▶ Records for the exercise:
____

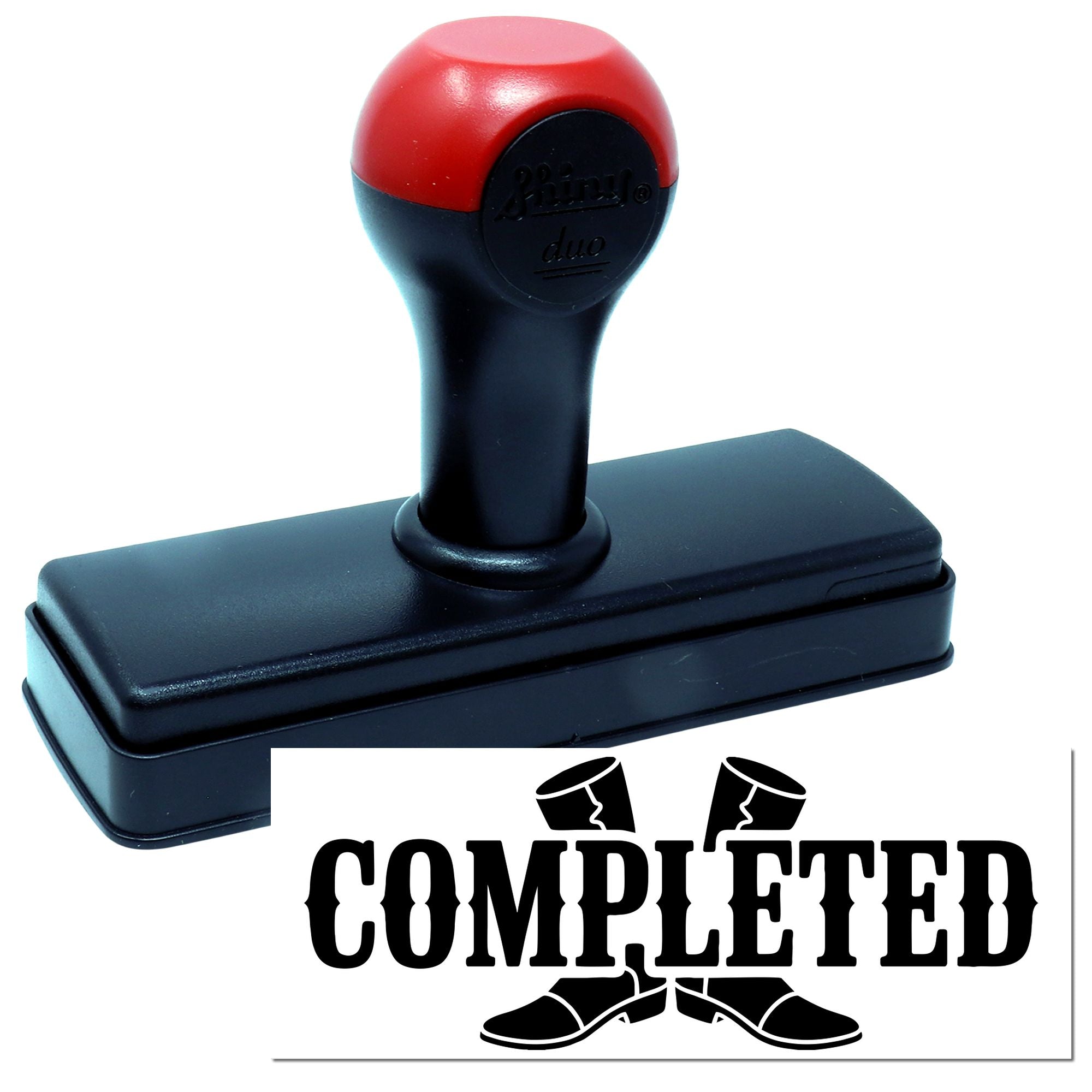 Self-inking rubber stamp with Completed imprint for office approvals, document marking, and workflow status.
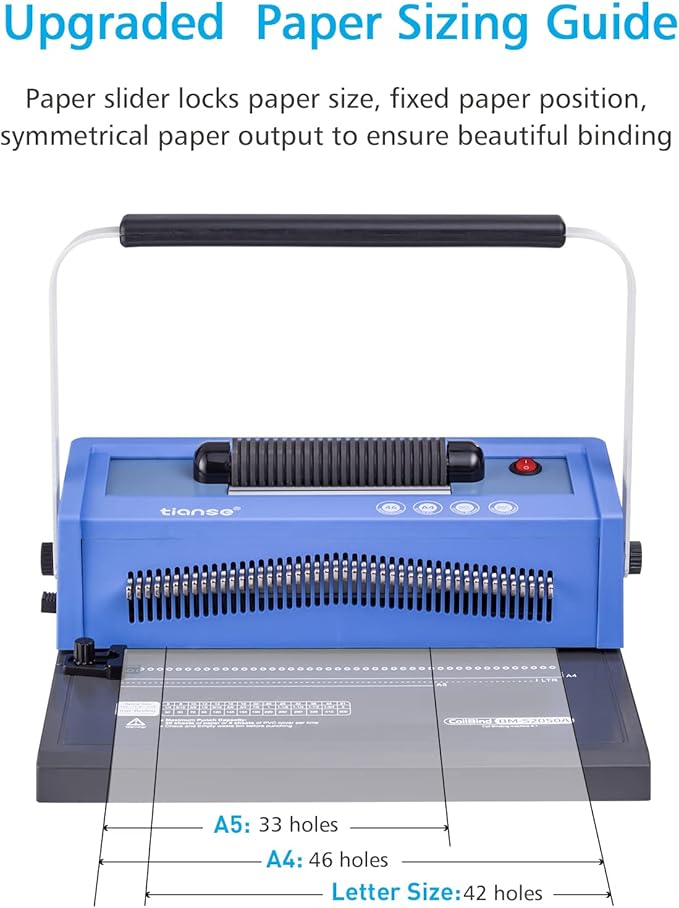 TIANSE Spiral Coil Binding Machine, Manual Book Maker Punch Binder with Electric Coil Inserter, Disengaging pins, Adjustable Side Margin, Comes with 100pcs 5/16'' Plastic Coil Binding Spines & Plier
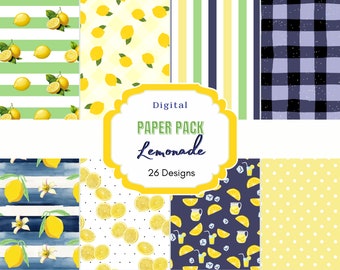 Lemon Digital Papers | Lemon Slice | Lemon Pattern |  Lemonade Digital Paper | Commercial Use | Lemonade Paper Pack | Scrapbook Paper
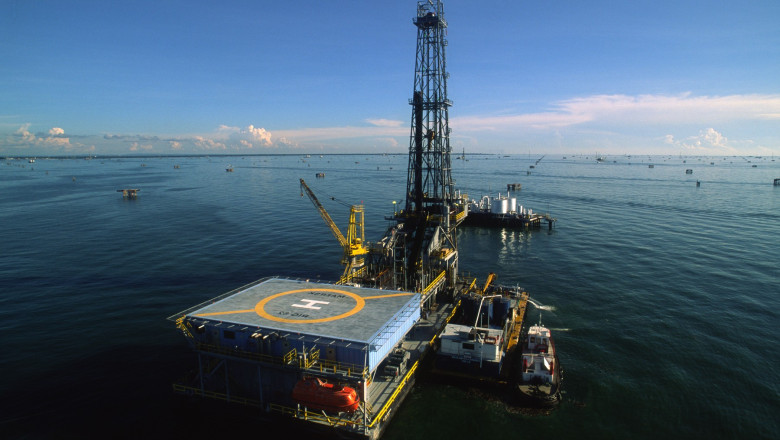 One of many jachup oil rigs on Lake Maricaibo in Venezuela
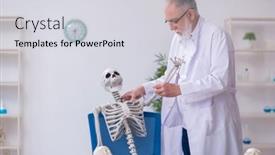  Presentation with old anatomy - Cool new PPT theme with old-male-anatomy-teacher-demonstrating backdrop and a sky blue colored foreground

____

▶ What needs to be done:
Repeat the line that contains "Lemon Digital Papers" and each line after it, through the last line of the listing, exactly and alone; pictures stay out of the repeat.

▶ Result of this exercise:
 Lemon Digital Papers | Lemon Slice | Lemon Pattern |  Lemonade Digital Paper | Commercial Use | Lemonade Paper Pack | Scrapbook Paper
 One of many jachup oil rigs on Lake Maricaibo in Venezuela
  Presentation with old anatomy - Cool new PPT theme with old-male-anatomy-teacher-demonstrating backdrop and a sky blue colored foreground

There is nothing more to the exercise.